No module named 'anndata' error #8

Open gianfilippo opened 6 months ago

gianfilippo commented 6 months ago

Hi,

I tried both the conda and docker (using singularity) versions I run the following MATK -t SuperCell -i data/cd34_multiome_rna.h5ad -o MATK_output/SuperCell/cd34/ -n 50 -f 2000 -k 30 -g 75 -s seurat and singularity run --bind $(pwd) matk_v1.0.sif MATK -t SuperCell -i data/cd34_multiome_rna.h5ad -o MATK_output/SuperCell/cd34/ -n 50 -f 2000 -k 30 -g 75 -s seurat

and I get the error below. Can you please help ?

Thanks

Error in py_module_import(module, convert = convert) : ModuleNotFoundError: No module named 'anndata' Run reticulate::py_last_error() for details. Calls: -> -> py_module_import Execution halted

aurelieGabriel commented 6 months ago

Dear Gianfilippo,

Thank you for your interest in MetacellAnalysisToolkit.

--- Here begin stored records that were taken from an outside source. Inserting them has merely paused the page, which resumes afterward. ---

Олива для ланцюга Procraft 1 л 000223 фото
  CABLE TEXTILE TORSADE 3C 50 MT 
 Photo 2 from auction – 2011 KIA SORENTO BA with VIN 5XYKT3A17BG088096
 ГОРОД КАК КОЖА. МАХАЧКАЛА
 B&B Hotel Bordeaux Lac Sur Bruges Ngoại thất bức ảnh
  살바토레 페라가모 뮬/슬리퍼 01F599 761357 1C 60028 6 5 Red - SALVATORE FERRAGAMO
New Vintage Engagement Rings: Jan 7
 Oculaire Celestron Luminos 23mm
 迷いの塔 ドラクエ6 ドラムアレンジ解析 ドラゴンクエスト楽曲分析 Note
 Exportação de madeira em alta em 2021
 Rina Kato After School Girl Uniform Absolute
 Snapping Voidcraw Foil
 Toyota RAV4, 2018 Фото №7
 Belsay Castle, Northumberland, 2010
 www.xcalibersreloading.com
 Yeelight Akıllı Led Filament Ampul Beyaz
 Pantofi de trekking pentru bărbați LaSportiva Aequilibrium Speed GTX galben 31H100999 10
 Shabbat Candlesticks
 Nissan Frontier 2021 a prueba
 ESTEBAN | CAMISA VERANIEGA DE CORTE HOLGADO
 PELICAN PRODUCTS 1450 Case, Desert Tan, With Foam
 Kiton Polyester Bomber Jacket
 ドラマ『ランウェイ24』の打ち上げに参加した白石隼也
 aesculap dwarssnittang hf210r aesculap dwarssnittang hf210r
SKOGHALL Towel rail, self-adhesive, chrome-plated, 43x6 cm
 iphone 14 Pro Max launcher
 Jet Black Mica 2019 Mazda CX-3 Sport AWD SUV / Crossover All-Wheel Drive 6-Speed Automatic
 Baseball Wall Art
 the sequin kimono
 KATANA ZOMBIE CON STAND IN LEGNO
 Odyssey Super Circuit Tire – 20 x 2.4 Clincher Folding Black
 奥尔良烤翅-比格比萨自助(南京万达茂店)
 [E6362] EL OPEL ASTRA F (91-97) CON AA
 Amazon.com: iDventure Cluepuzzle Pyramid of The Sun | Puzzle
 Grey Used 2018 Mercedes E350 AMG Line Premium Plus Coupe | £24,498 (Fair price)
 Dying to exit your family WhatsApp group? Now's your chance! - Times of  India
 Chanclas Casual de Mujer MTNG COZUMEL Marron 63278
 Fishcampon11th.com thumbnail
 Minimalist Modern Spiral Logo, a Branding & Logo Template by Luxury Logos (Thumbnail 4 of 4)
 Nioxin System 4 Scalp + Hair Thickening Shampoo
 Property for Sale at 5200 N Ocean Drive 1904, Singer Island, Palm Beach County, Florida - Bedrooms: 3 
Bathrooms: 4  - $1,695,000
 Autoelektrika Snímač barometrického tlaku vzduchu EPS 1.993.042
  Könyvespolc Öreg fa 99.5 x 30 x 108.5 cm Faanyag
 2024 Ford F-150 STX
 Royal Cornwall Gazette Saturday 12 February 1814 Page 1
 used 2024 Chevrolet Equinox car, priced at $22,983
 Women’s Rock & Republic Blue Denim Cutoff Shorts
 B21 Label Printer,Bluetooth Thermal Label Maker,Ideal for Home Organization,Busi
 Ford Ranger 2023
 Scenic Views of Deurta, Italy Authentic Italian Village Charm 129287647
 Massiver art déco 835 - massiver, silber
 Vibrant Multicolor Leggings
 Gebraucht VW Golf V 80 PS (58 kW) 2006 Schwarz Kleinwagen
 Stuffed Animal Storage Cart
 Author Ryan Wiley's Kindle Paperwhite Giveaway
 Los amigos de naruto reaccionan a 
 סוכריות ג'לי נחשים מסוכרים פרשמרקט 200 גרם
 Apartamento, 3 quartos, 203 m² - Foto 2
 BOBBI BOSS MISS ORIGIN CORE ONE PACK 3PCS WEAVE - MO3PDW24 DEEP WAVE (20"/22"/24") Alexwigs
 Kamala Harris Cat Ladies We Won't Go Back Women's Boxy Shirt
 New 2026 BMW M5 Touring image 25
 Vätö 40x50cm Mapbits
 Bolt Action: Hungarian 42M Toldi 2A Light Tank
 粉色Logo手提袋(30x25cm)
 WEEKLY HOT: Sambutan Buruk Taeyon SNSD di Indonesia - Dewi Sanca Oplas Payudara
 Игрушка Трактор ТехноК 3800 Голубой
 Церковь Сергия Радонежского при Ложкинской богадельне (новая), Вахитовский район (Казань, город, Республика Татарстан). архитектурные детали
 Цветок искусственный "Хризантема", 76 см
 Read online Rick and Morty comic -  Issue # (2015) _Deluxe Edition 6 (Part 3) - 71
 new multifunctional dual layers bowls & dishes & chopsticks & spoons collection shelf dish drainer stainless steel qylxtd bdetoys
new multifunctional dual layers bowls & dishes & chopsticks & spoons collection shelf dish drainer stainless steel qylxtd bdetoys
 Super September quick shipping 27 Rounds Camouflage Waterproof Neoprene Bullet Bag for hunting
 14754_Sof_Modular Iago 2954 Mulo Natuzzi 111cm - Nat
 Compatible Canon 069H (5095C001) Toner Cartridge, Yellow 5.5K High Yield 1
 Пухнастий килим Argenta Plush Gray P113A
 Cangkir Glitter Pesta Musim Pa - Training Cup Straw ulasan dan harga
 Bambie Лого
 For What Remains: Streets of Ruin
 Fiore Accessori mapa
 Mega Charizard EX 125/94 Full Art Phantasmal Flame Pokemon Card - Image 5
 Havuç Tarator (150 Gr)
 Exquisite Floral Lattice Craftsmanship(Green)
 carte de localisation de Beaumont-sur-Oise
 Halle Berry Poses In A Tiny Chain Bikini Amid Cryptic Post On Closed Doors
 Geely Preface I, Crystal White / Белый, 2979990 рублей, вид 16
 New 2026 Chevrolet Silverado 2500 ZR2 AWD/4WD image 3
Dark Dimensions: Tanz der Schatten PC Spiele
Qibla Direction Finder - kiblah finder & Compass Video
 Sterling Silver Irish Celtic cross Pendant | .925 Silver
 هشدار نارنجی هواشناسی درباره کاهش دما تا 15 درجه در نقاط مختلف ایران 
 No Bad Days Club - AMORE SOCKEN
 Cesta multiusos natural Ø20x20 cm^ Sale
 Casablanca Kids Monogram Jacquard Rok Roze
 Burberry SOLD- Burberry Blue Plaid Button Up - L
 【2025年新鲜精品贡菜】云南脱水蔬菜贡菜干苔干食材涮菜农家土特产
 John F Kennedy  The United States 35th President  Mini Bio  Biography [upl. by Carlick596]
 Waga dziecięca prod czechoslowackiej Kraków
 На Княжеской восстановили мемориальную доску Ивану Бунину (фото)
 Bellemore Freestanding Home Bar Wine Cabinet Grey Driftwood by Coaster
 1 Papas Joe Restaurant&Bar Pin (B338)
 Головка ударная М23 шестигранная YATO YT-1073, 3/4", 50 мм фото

Using the following command lines, we obtained no error:

singularity pull docker://agabriel/matk:v1.0
singularity run --bind $(pwd) matk_v1.0.sif MATK -t SuperCell -i data/cd34_multiome_rna.h5ad -o MATK_output/SuperCell/cd34/ -n 50 -f 2000 -k 30 -g 75 -s seurat

We suspect that we are not using the same file as input. Unfortunately, the link to download the cd34_multiome_rna.h5ad initially provided in our README seems to be corrupted at the moment. We apologize for the inconvenience and have updated the link. Could you please download again the data and check that you have the following md5: 4cd8d82adfe267f54e13d8a383918fd0 by running: md5sum data/cd34_multiome_rna.h5ad.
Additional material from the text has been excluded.